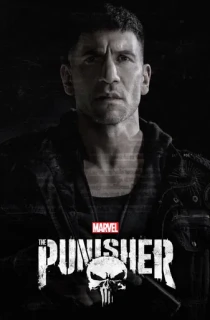 The Punisher (Season 1) Dual Audio [Hindi (Studio Dub) + English] Complete WEB Series 480p | 720p | 1080p WEB-DL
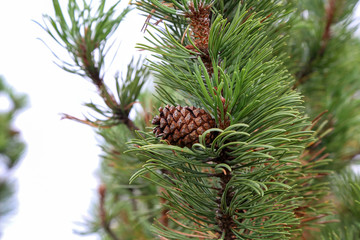 Pinus mugo creeping pine Conifer in the Alps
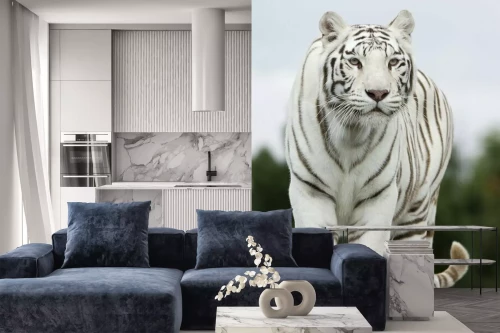 Visualisatie van het product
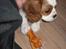 Cavalier king charles spaniel Lady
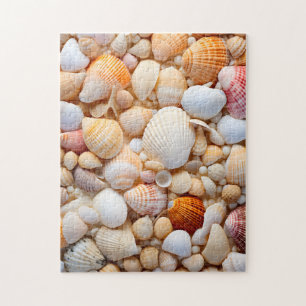 Puzzle Seashell Puzzle.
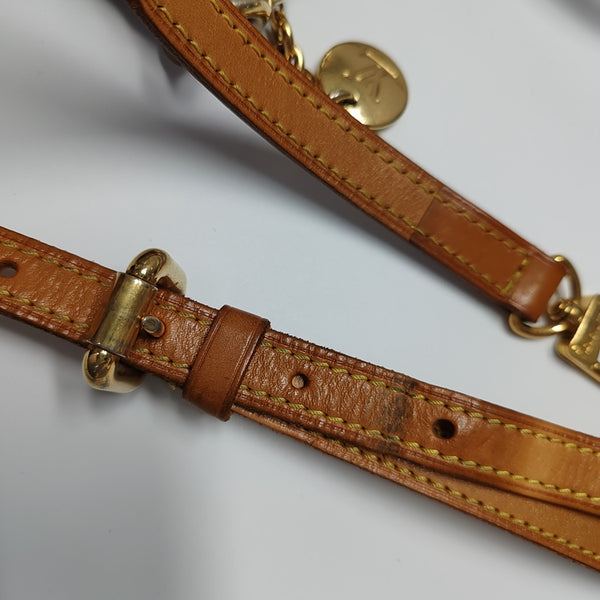PALERMO PM Monogram Coated Canvas Brown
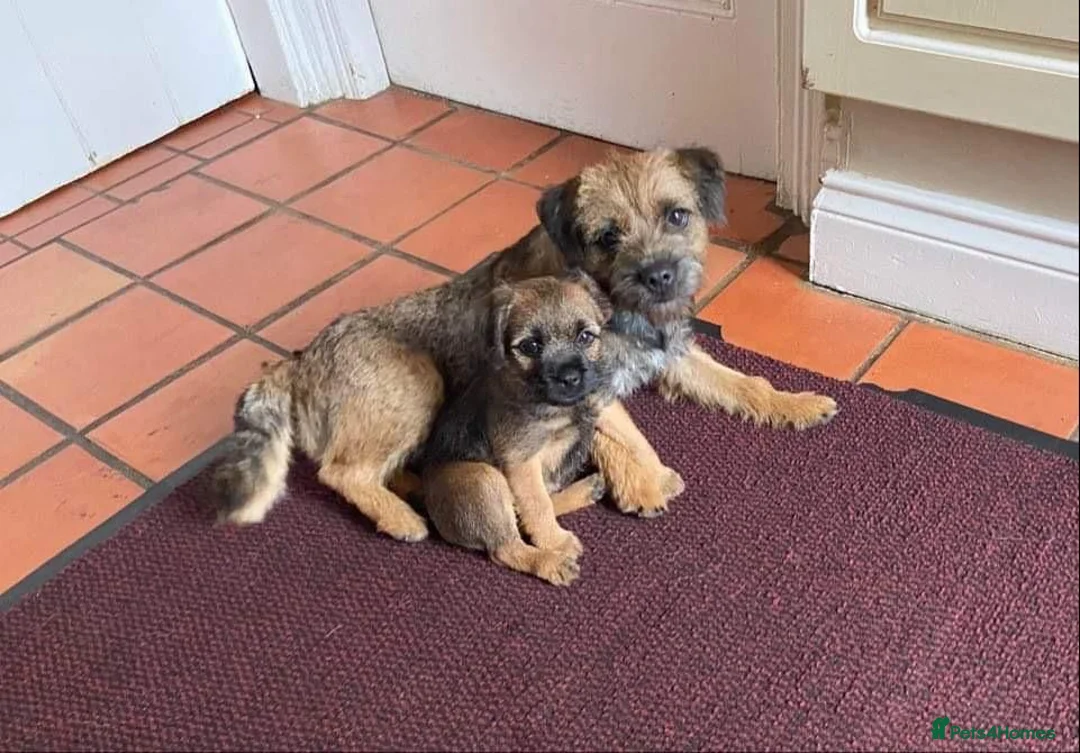 Border Terrier dogs for sale: Slem clear kc registered  - Advert 2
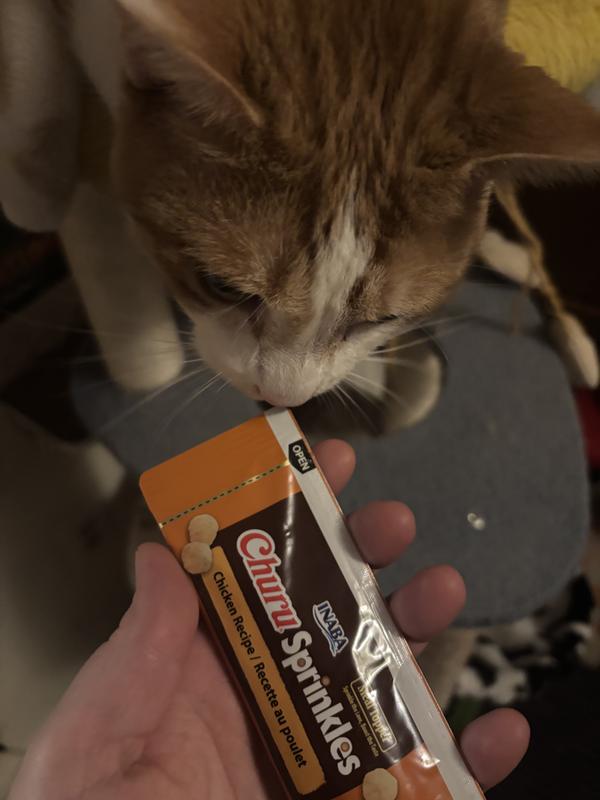 Single tube & excited kitty!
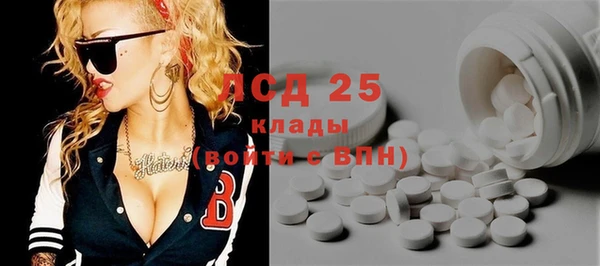 гидра Аркадак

**TASK BRIEF:** Output the records verbatim without pictures.

**RESPONSE FOR THIS EXERCISE:**
 The Punisher (Season 1) Dual Audio [Hindi (Studio Dub) + English] Complete WEB Series 480p | 720p | 1080p WEB-DL
 Pinus mugo creeping pine Conifer in the Alps
 Visualisatie van het product
 Cavalier king charles spaniel Lady
 Puzzle Seashell Puzzle.
PALERMO PM Monogram Coated Canvas Brown
 Border Terrier dogs for sale: Slem clear kc registered  - Advert 2
 Single tube & excited kitty!
 гидра Аркадак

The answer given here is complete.